**TASK TO CARRY OUT**:
Give the data below again exactly as written, but without the pictures.

**DATASET EXCERPT**:

■ ■ ■ ■

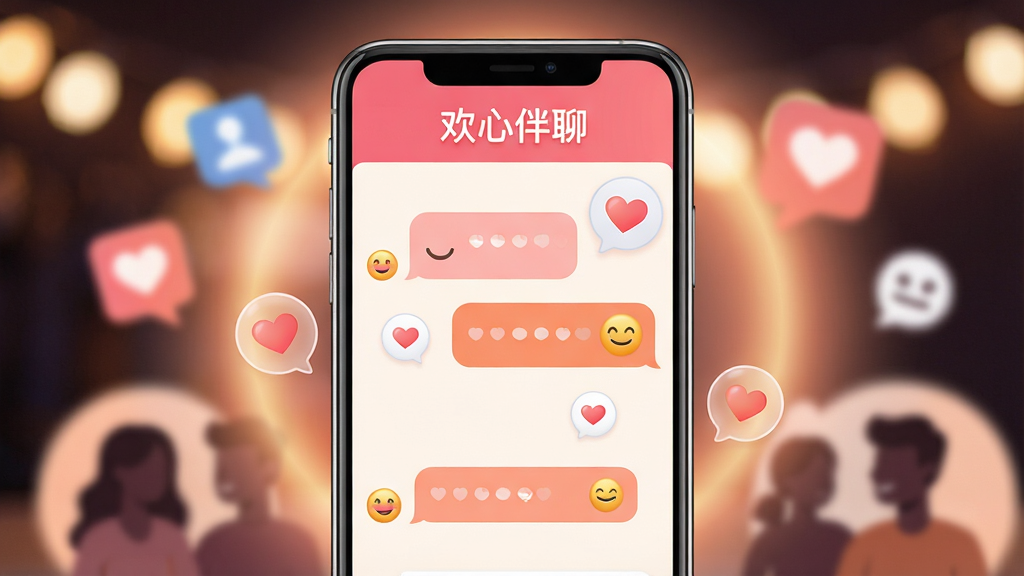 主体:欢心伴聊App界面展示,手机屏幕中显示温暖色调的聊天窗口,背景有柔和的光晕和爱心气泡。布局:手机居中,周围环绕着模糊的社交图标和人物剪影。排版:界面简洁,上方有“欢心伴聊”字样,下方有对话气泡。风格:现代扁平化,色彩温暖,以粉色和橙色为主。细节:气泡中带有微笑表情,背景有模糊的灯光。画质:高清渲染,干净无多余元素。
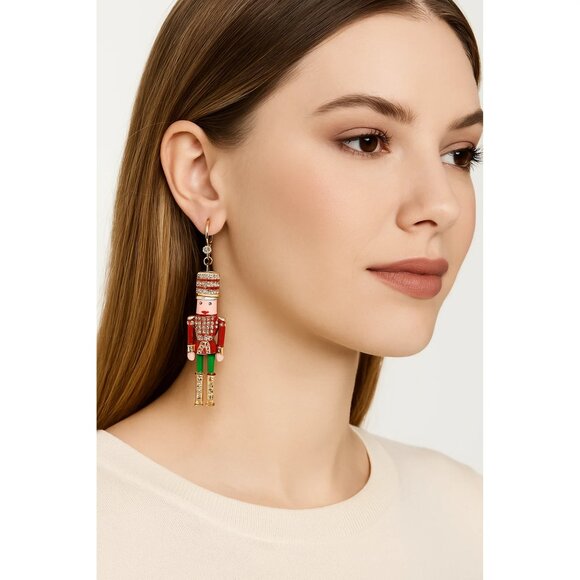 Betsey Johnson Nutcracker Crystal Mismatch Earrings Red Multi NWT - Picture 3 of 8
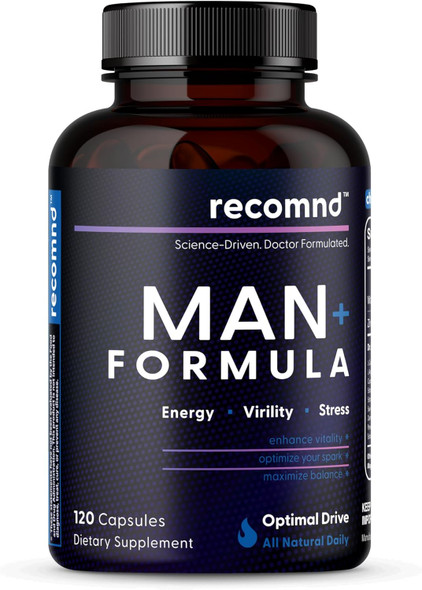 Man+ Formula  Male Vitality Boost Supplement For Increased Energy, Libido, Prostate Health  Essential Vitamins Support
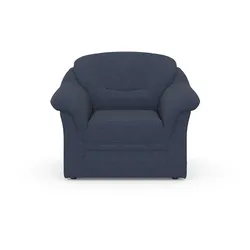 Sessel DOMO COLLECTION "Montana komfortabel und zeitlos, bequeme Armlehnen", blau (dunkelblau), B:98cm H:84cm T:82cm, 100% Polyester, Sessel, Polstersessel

■ ■ ■ ■

**EXPECTED ANSWER**:
 主体:欢心伴聊App界面展示,手机屏幕中显示温暖色调的聊天窗口,背景有柔和的光晕和爱心气泡。布局:手机居中,周围环绕着模糊的社交图标和人物剪影。排版:界面简洁,上方有“欢心伴聊”字样,下方有对话气泡。风格:现代扁平化,色彩温暖,以粉色和橙色为主。细节:气泡中带有微笑表情,背景有模糊的灯光。画质:高清渲染,干净无多余元素。
 Betsey Johnson Nutcracker Crystal Mismatch Earrings Red Multi NWT - Picture 3 of 8
 Man+ Formula  Male Vitality Boost Supplement For Increased Energy, Libido, Prostate Health  Essential Vitamins Support
 Sessel DOMO COLLECTION "Montana komfortabel und zeitlos, bequeme Armlehnen", blau (dunkelblau), B:98cm H:84cm T:82cm, 100% Polyester, Sessel, Polstersessel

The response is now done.